The Sustainable Energy Fund for Africa (SEFA) is providing a grant to the government of Botswana to support the energy transition. The southern African country depends on its neighbour South Africa for part of its electricity needs.
Botswana is getting a boost in its energy transition. It’s a $1 million grant recently awarded by the Sustainable Energy Fund for Africa (SEFA); a financing mechanism managed by the African Development Bank (AfDB) with the objective of supporting private sector interventions in electricity access in Africa.
The SEFA grant will, according to the AfDB, contribute to the implementation of a technical assistance project focusing on the introduction of least-cost planning, reduction of adverse environmental impacts and support for increased private sector participation in renewable energy generation investments. The project will also produce a national grid code, a study on the cost of electricity service, and a licensing framework to regulate electricity sector activities.
The beginnings of sustainable power sector development
According to the AfDB, its studies will enable the implementation of Botswana’s first Integrated Resource Plan (IRP), facilitating investment in new solar photovoltaic and wind power generation capacity to reach at least 100 MW and 50 MW respectively by 2030.

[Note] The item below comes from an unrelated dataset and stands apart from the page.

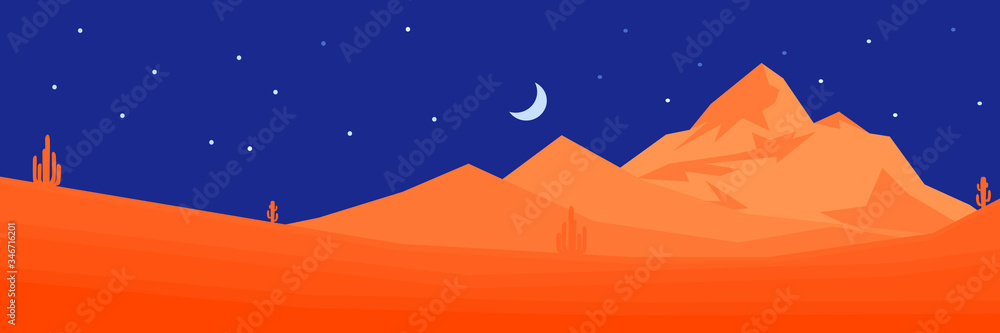 Desert vector panorama landscape  in lush lava color tones.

Currently, Botswana has 450 MW of installed capacity, according to Power Africa, from the Morupule B coal-fired plant. Faced with a demand of 550 MW, the country imports 150 MW from South Africa. Botswana has already begun its energy transition with the support of the private sector, notably the independent power producers (IPPs).
Read also- BOTSWANA: Soventix wins the contract for the 3 MWp Bobonong solar plant
This is the case of Sturdee Energy, which is developing the Bobonong and Shakawe solar projects for a capacity of 4 MWp. Also, the southern African country has entered into a partnership with neighboring Namibia for the construction of a 5,000 MWp solar complex straddling the two countries. The project, considered feasible because of the potential of the two countries in terms of solar radiation, has already received favourable opinions from several financial partners, including the AfDB.
According to the pan-African financial institution based in Abidjan, Ivory Coast, the grant awarded by SEFA will support the initiative called “Mega Solar”, launched in 2021, with the aim of strengthening renewable energy capacities in both countries to enable the export of electricity to other countries in the sub-region.